2y notes respond more to expected monetary policy than to inflation (unless that inflation is expected to affect policy). The more relevant yields are the 10y and specially the 30y. The reason they are low is because inflation expectations are low. expectations matter more than current figures
 
So, the Wall Street braniacs throw other people´s monies out of the window because they "EXPECT" lower inflation going forward. We all understand that.

That´s what these clowns are paid for: burning other people´s monies.

Meanwhile there is nothing close to "risk premia" in bond markets anymore. Where are just old school bond traders bombing Treasuries and Notes into oblivion to show the FED who the master is?

LOL!
 
So, the Wall Street braniacs throw other people´s monies out of the window because they "EXPECT" lower inflation going forward. We all understand that.
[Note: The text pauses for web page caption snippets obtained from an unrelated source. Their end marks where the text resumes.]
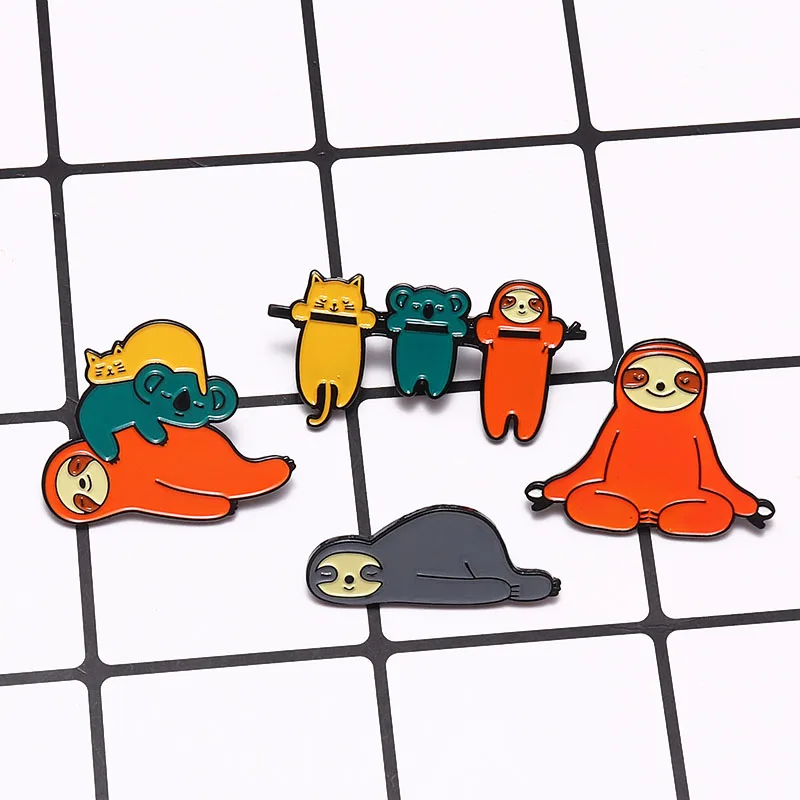 Забавные ленивые милые животные коала значок с изображением кота Броши Булавки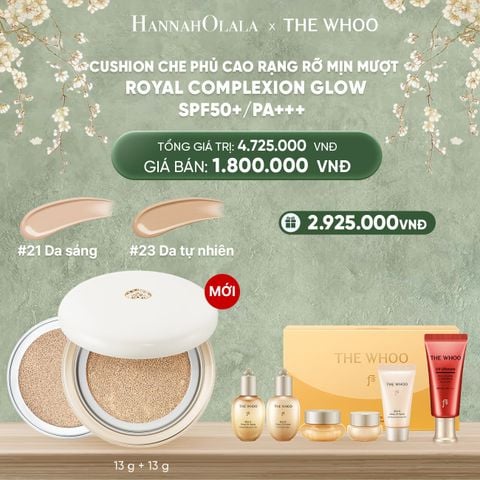  DEAL07: CUSHION CHE PHỦ CAO RẠNG RỠ MỊN MƯỢT THE WHOO ROYAL COMPLEXION GLOW SPF50+/PA+++ 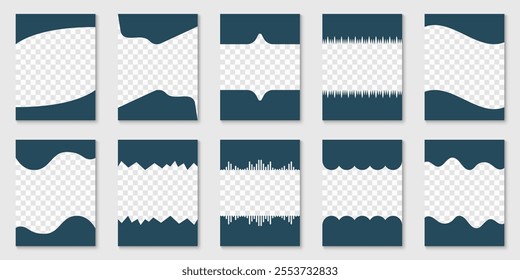 Set of Separator Shapes. Abstract Curve Lines, Wave Frame for Web Page. Template Divider Header for App, Banners or Posters. Isolated Vector Illustration.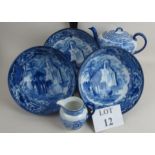 A set of three George Jones blue & white 'Abbey' pattern bowls, a H.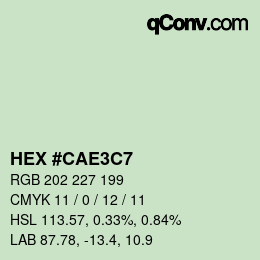 Color code: HEX #CAE3C7 | qconv.com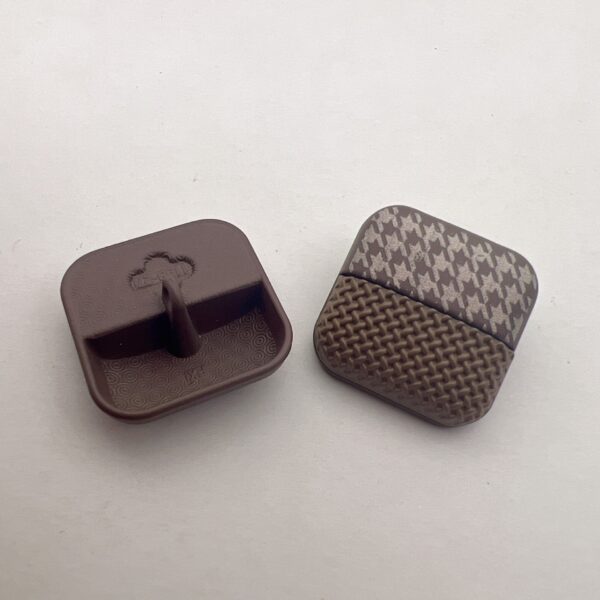25mm Square Houndstooth Patterned Metal Shank Buttons 50pcs - Image 5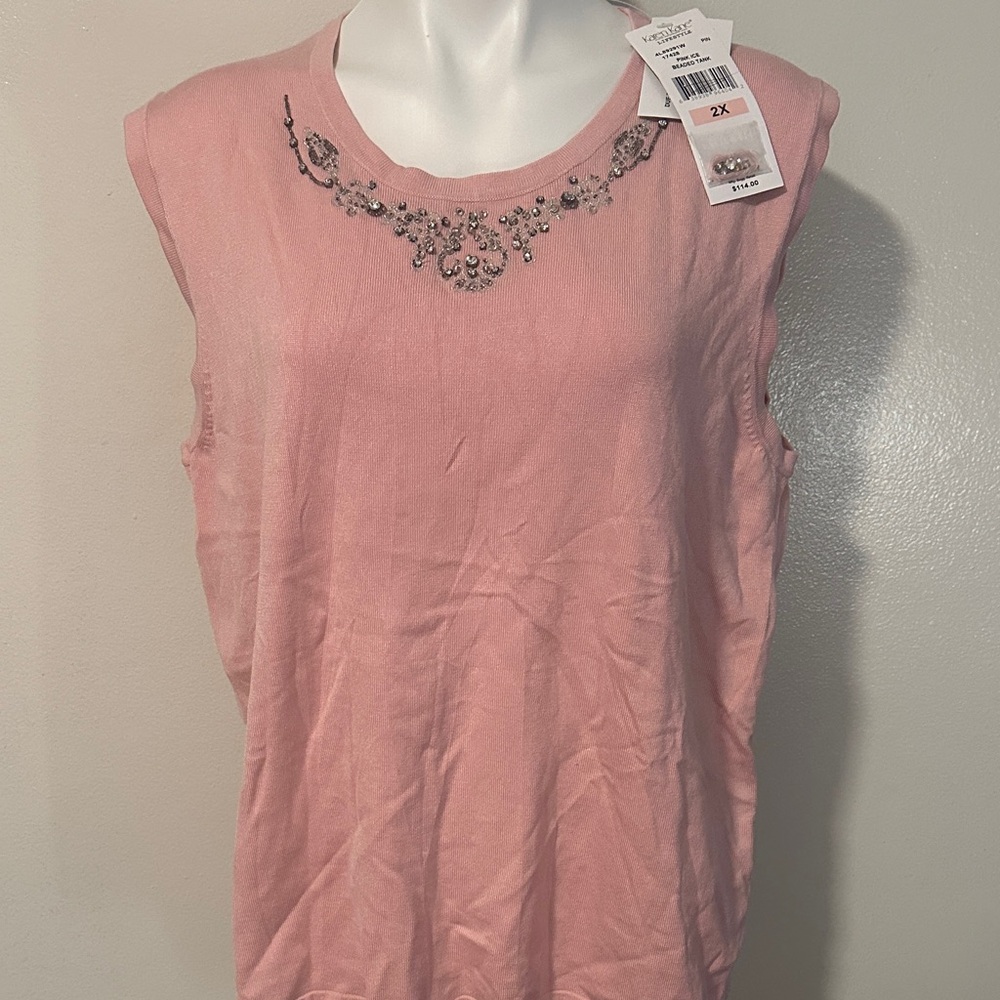 Karen Kane Pink Embellished Muscle Tee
That´s what these clowns are paid for: burning other people´s monies.

Meanwhile there is nothing close to "risk premia" in bond markets anymore. Where are just old school bond traders bombing Treasuries and Notes into oblivion to show the FED who the master is?

LOL!
I tried, man... I ain't got no fingers no more.
 
So, the Wall Street braniacs throw other people´s monies out of the window because they "EXPECT" lower inflation going forward. We all understand that.

That´s what these clowns are paid for: burning other people´s monies.

Meanwhile there is nothing close to "risk premia" in bond markets anymore. Where are just old school bond traders bombing Treasuries and Notes into oblivion to show the FED who the master is?

LOL!

With other words: we need a BOND REVOLUTION and kick Jeffrey Gundlach and Bill Gross into their ARSE!

:=)))
 
10 year inflation breakevens have risen sharply from 1.2 to 1.6

https://research.stlouisfed.org/fred2/series/T10YIE

Media prints that the Fed is now acting as the global central bank and its China, Europe, "them", but the US is just fine.
We are in it together and deflation( look at last quarter 2015) expectations spiked with the feds stated course , dot plots, etc at that time. 2-3% inflation , measured , would be super with the fed I would think. That chart alone was worth a change in tactics alone. Right? Well, maybe.

I just saw the Daal Post above and this seems to be inline with what he is saying.